Conventional compost-making laws

When looking to make conventional compost on a commercial scale, resource consent could be a limiting factor. In Auckland in a Rural Production Zone, on-site composting is limited to 50m³ at one time. Amounts beyond 50m³ require an Assessment of Environmental Effects (AEE) due to potential overflows and odours.

David Kettle says that City to Farm moves their compost through constantly creating an enriched mulch that worms work into the soil. The food scraps are completely broken down after six to ten weeks and the swales can then be reloaded. Bananas grow on the edge of the bund drawing some of their nutrition from the swale. The swale compost is never turned, thus enabling carbon sequestration.

Costs and benefits

“Keeping food-scraps out of landfill,” says Betsy, “and using them to build topsoil, creates a carbon sink that improves the soil and enables horticultural crops instead of pine trees and cattle.”

Vermin on the farm is controlled by bait stations and traps, but Phil and Jenny say it’s no worse than on other farms.

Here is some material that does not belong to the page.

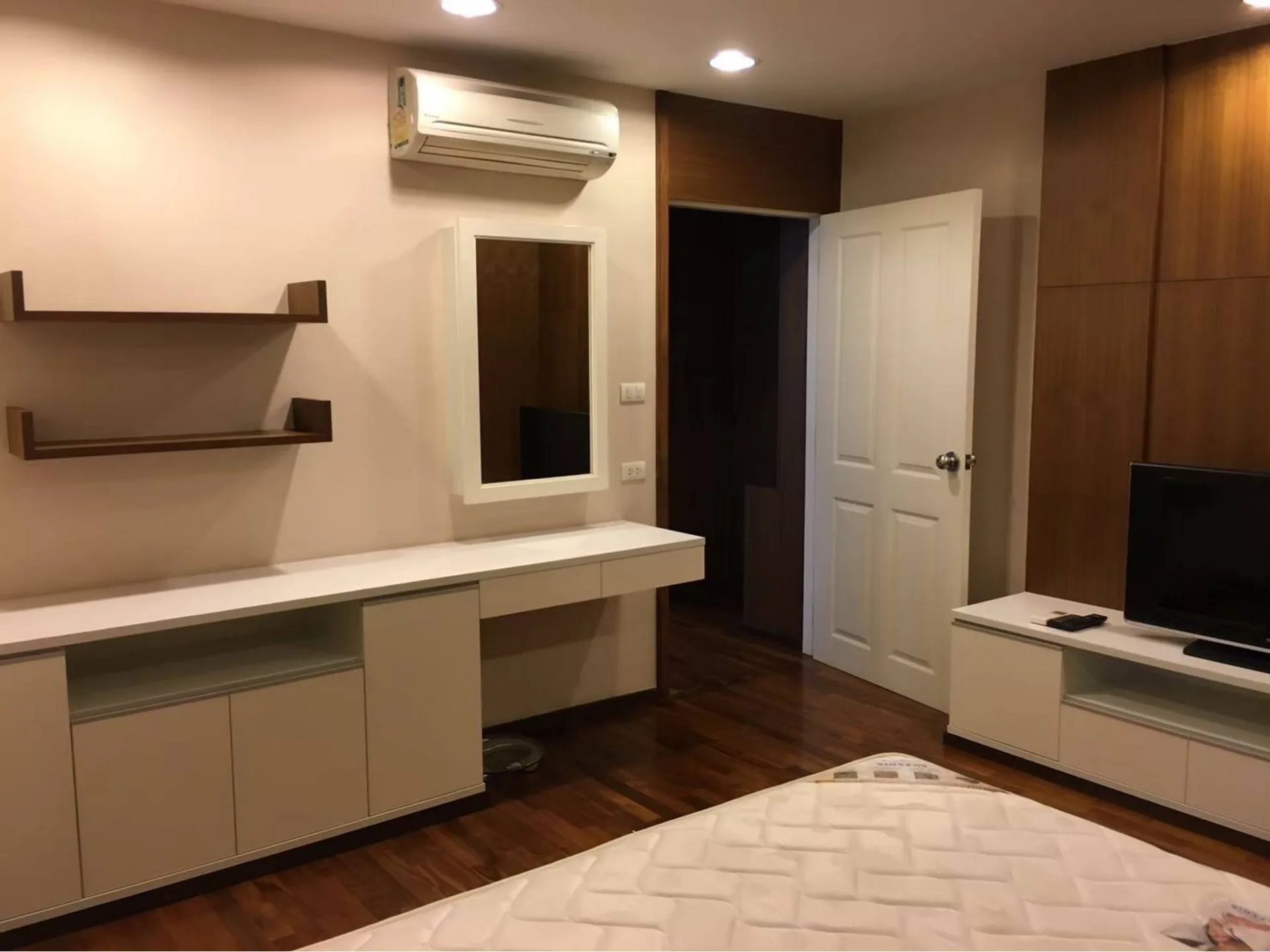 Property photos for The Aree Condominium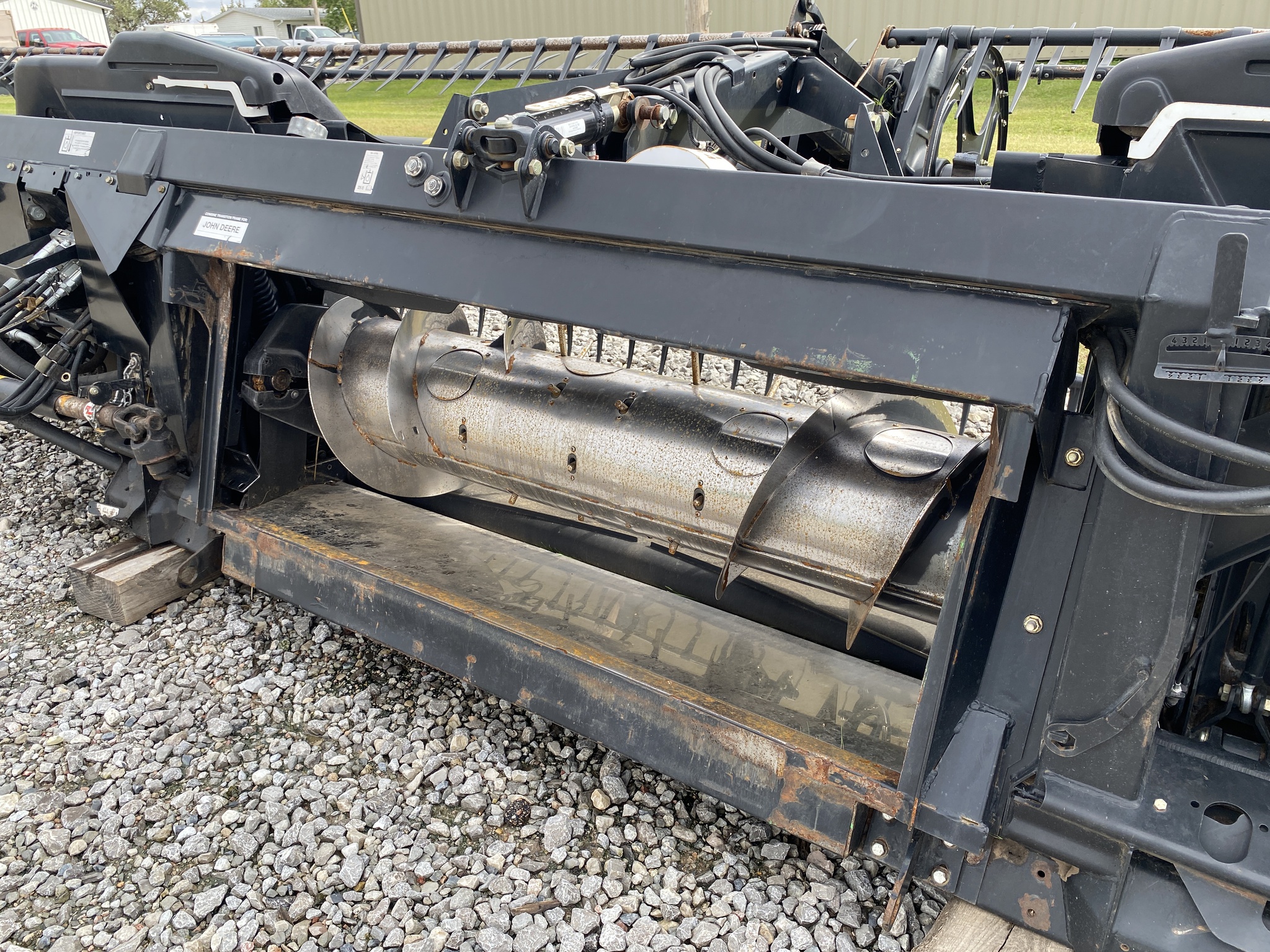  2014 MACDON FD75-40 at LandMark in Hebron, NE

The City to Farm enterprise has been assessed carbon-neutral by Massey University and will be carbon-negative once the banana crop is sold, as it will replace imported bananas.

Phil Grainger adds that it makes economic as well as environmental sense. “I can run one cow on a hectare which will return between $500-$1000, but the 0.2ha on which I currently have 150 banana plants with a theoretical crop of 2,250kgs will sell at the market for $5/kg or wholesale for $2/kg, resulting in an income between $22,000 and $56,000 per hectare.

“We still need to determine if the banana sheltering will be sufficient to produce that crop. In the last five years we have seen a fixed predominant SW wind become more NW and NE and have had to adjust shelter belts accordingly, but the plants are growing well. After Cyclone Gabrielle the bananas were fine because they originate in cyclone-prone environments. The leaves are shredded but as soon as the wind stops a new leaf appears.”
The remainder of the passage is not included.